Comp 7 / Bio 40 Lab 2: Advanced BLAST

September 17, 2019

Purpose of this lab

To help students develop greater familiarity with interpreting results of the larger family of BLAST programs; to offer practice with Python functions, Booleans, conditionals, control flow, keyboard input, and problem solving.

General information (Review from last time)

You can find most of the web links you need for this lab from the "Links" tab on the course web site.

Writing your lab notes

Recall that you should be documenting the queries you run in your writeup. Please use Word, or any another document editor that allows you to save your results in pdf format.

Using the Filesystem

Note that you need to be sure to save files in or below your home directory (drive Z:\ on the lab machines), not to the local desktop, to ensure that they will be saved once you log out and will be accessible from other lab machines. You may want to create folders and substructure (e.g., "comp7" or "lab1" folders) to keep the file contents manageable.

Starting IDLE and creating new files

To start IDLE on the lab machines, you should now find a shortcut to Python 2.7 (slightly newer and less buggy than Python 2.6) on the desktop on the lab machines. Click on that and it should start up an IDLE window. If you can't find the shortcut on the desktop, click on the Windows icon in the lower left corner of the screen, and then on the programs listing, scroll down to Python 2.6 and run "IDLE (Python GUI)" below that. This will start IDLE.

To create a new python file, click on the File menu and choose "New Window" or "New File" (depending on the version). This will pop up a new editor window with a blank python script. To save it, click on the File menu and select "Save". Type in the filename: e.g., call it "SomeName.py" - the ".py" extension is important. It tells you - and various computer programs - that this text file contains a Python script. Choose a location on the Z drive for your file.

The first line of your Python script should be a comment line that gives both of your names. E.g.,

# This is the solution to Lab 2, problem 1, by Joe Shmoe and Penny Python

Lab problems

  1. Simple function:

    For this problem, you will write a function that takes no input arguments and returns nothing, but that reads input from and prints output to the console. Specifically, define a function called simple() that uses the raw_input() function (as in the Pyg Latin assignment in Codecademy) to prompt the user to input a string. Save that string in a variable. Then have the function print out a message saying whether the string is all uppercase or not.

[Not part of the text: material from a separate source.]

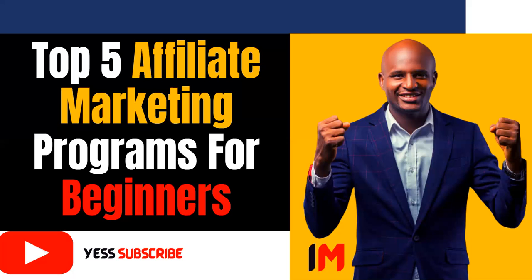For example, if someone is selling shoes on Amazon and you're an affiliate of Amazon, they give you a link for that shoe. You share it with people in your community and they buy. Amazon gives you a percentage of that money - it could be 30%, 20%, 40%, depending on the program you're part of.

    (Hint: you already know a function to make a string uppercase, and you know how to compare strings to each other. How you use these to determine if the input string is in uppercase?)

    Write a "main" part of the program, below the function definition, that just calls this function twice.

    Save the program as simple.py, and submit it on Gradescope for problem 1.

  2. In Between?

    Locations of sequence mutations are often specified by a particular position in a defined region of genomic sequence. One important question is whether the mutation affects the coding sequence of a protein or not.

    For this problem, we will address a simplified version of this question. We will write a Python function called inExon that takes three integer arguments: start, end, and mutation.

    The first two should represent the start and end positions of an exon in a gene's genomic sequence. The third represents the position of the mutation. The function should use a single if/elif/else block to determine whether the third number is in between the other two. Recall that you can use and, or, and not in constructing your statements.

    If the mutation position is between the other two, have the function return the Boolean value True. Otherwise, have it return False.

    To make this question straightforward, you may assume that the input is correct and well-behaved: that the input values are all integers, and that you are getting forward strand position numbers so that the start position is strictly less than the end position.

    To complete the program, write a main program that uses the raw_input() function to read these three values from the console. Use the int() function to convert these values, which will be input as strings, to integers. Then call your function with these three values as arguments.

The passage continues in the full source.